[Dataset extract]:
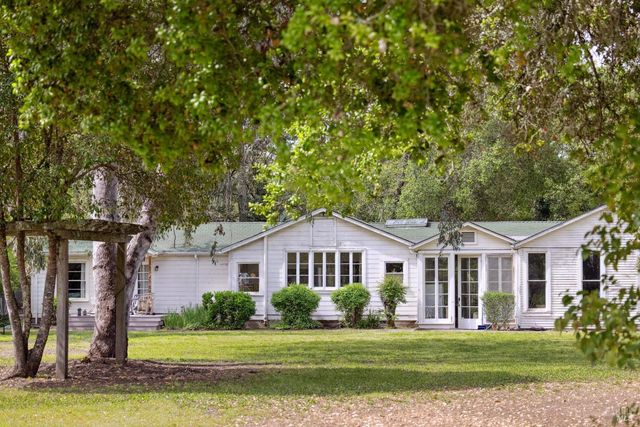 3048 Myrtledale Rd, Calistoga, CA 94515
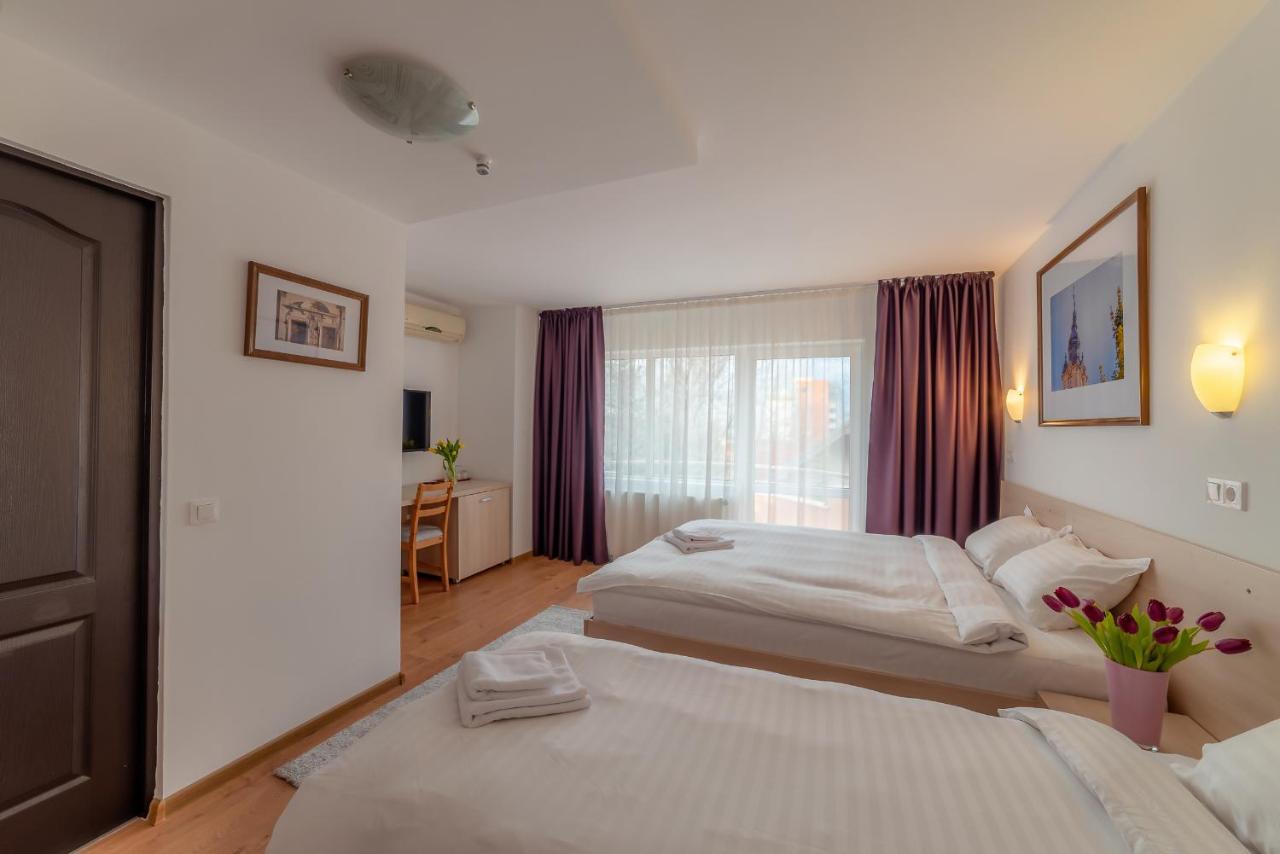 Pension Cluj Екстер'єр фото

* * *

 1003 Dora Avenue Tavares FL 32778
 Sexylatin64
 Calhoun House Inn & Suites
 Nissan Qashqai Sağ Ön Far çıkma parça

---

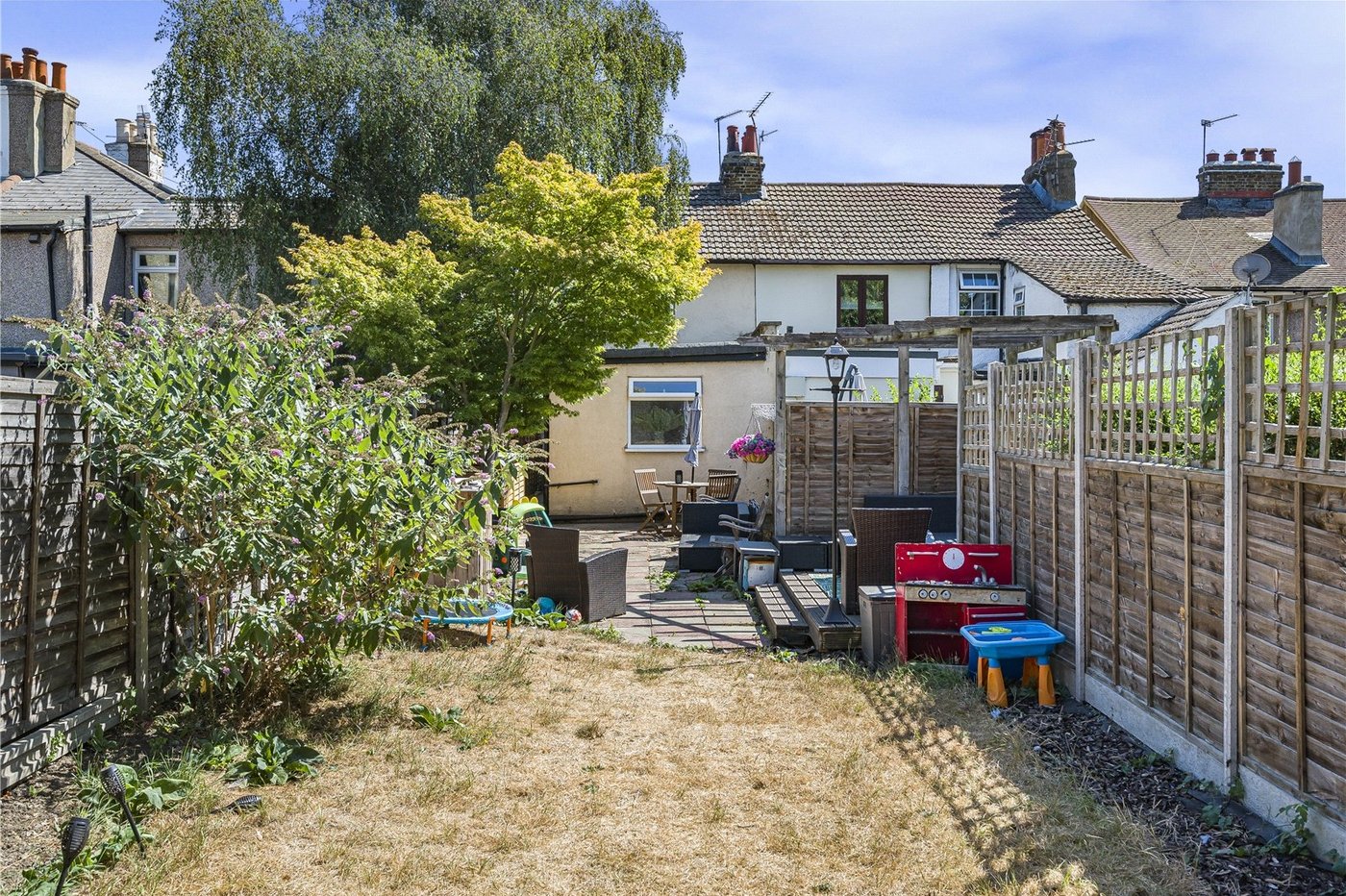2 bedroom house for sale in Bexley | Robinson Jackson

[What to do]: All lines above from the one with "Sexylatin64" to the one with "Nissan Qashqai Sağ Ön Far çıkma parça", inclusive, should be copied exactly, and no other lines.

[Reply to the task]:
 Sexylatin64
 Calhoun House Inn & Suites
 Nissan Qashqai Sağ Ön Far çıkma parça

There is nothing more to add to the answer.